#ReadSoulLit Photo Challenge – Day 22

Day 22 – Set Where You Live:

I had to choose two novels for today’s theme – one that I read and loved and one that I can’t wait to read.  Well if you’ve followed me on here for a while you know that I read and loved Giovanni’s Room which I picked up last year.  I don’t know how I managed to get my BA in English Literature without having to read the illustrious James Baldwin.  There is something seriously wrong with that.  Reading Giovanni’s Room last year IMG_1466opened the flood gates to Baldwin’s brilliant mix of adept writing style and pertinent social commentary.  What’s so amazing is how modern and relevant his work has remained.  This is as good a place as any to begin reading Baldwin.  It’s a short novel of only 159 pages and chock full of layers of meaning on all levels.  If you decide to read the Penguin Modern Classics edition there is a very informative introduction written by Caryl Phillips that I suggest you check out after reading the book.

The second book I’m suggesting is  Black Girl in Paris by Shay Youngblood.  She is a well-known contemporary African-American writer of novels, short stories, and plays.  She’s been published in numerous magazines and spent some time abroad in Peace Corps and in Paris as an au pair.  I hope to really make an effort to read this one this year because I’d say it could almost be a modern classic when I hear people talk about it.

“Any writer who makes a writer the protagonist of a novel is just asking for trouble. If the protagonist in question is a young African-American woman in Paris, following in the footsteps of such well-known black expatriates as Langston Hughes, Josephine Baker, and James Baldwin, it’s double jeopardy.
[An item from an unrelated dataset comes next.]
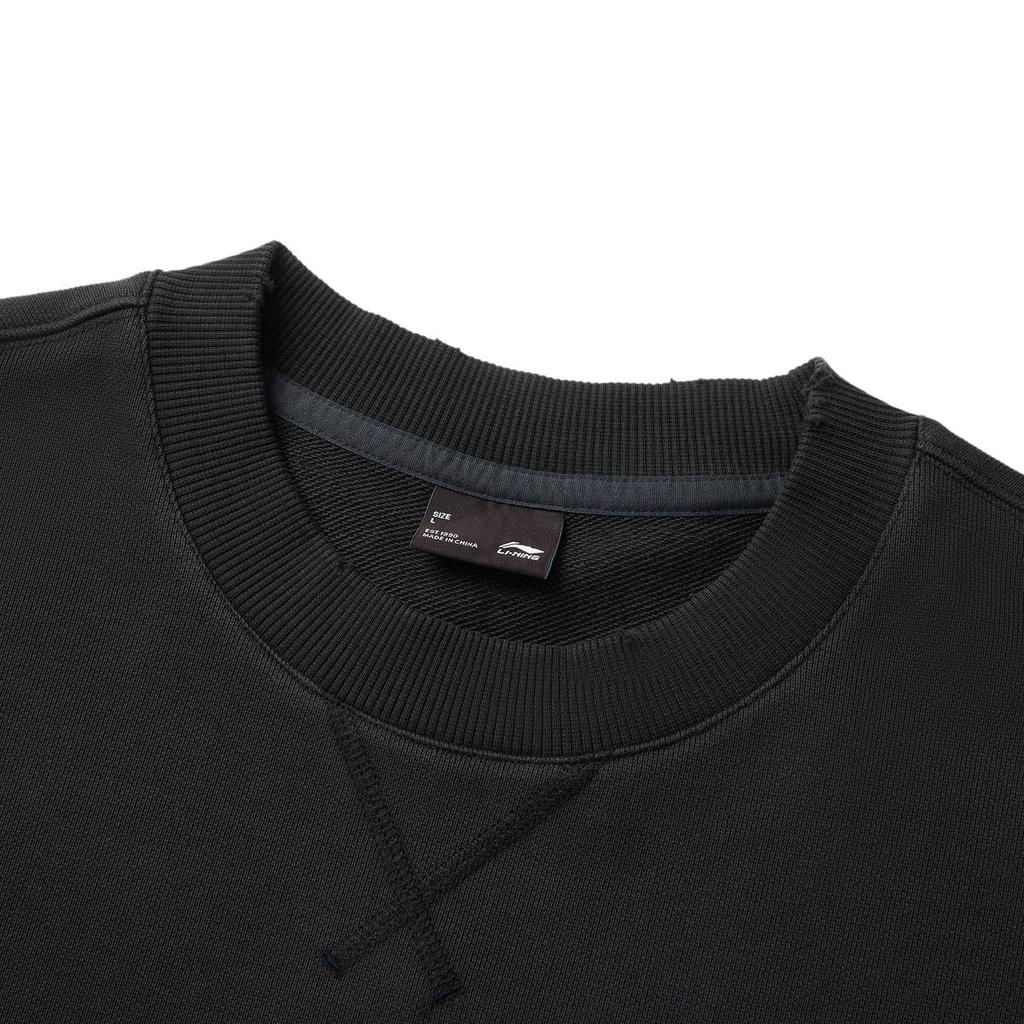Li Ning Sports Lifestyle Series Letter Round Neck Comfortable Breathable Versatile Casual Loose Sweatshirt Unisex sweatshirt AWDV415-1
And yet in Black Girl in Paris, Shay Youngblood manages to avoid clichés even as she steers a course straight through them.”(Black Girl in Paris, Goodreads description)

 

8 comments

  1. I’m recommending the debut novel “Black Water Rising” by Attica Locke. She very accurately captures Houston, Texas 1980’s, as well as tells the story of a ex activist, now lawyer, finding his way back to his true self. We never hear the story of how being jailed and having to go through a trial affects people after it is all done. What happens to these people? Do they return to the cause or just remain slightly traumatized by a near prison experience? Not to mention this is also a good old mystery to boot!

    Like

  2. I went with Devil in the Grove: Thurgood Marshall, the Groveland Boys, and the Dawn of a New America by Gilbert King (Winner of the 2013 Pulitzer Prize for General Nonfiction)

    I live in Orange County (Florida) and Lake County is nearby. This book is excellent – a page turner! Although nonfiction, it reads like a novel. I was lucky enough to have my novel signed by Mr. King – it was an honor to meet him.

    Like

      • Thanks so much for sending that blog link for Nubian Circle – my guess is I must have initiated it back in 2011 and obviously abandoned it. The local club is supposed to vote on a name change soon – so I’ll revisit the blog idea with them also. Blogs are a lot of work and I don’t want to be the only one stuck creating and managing content, replies, etc – you know the deal. 🙂 It’ll have to be a ‘group’ effort, if we do it.

        Like

      • I liked the name. Well if you want it to be a group effort for the blog forget about it because it never will be. lol! It will always fall on you. Just have fun reading and discussing with your group. 😉

        Like

  3. I KNOW you know how you could have earned your Bachelor’s degree – from LSU – without having read Jmes Baldwin! I read him in GRAD school and when I taught Black Literature! Better late than never, I guess!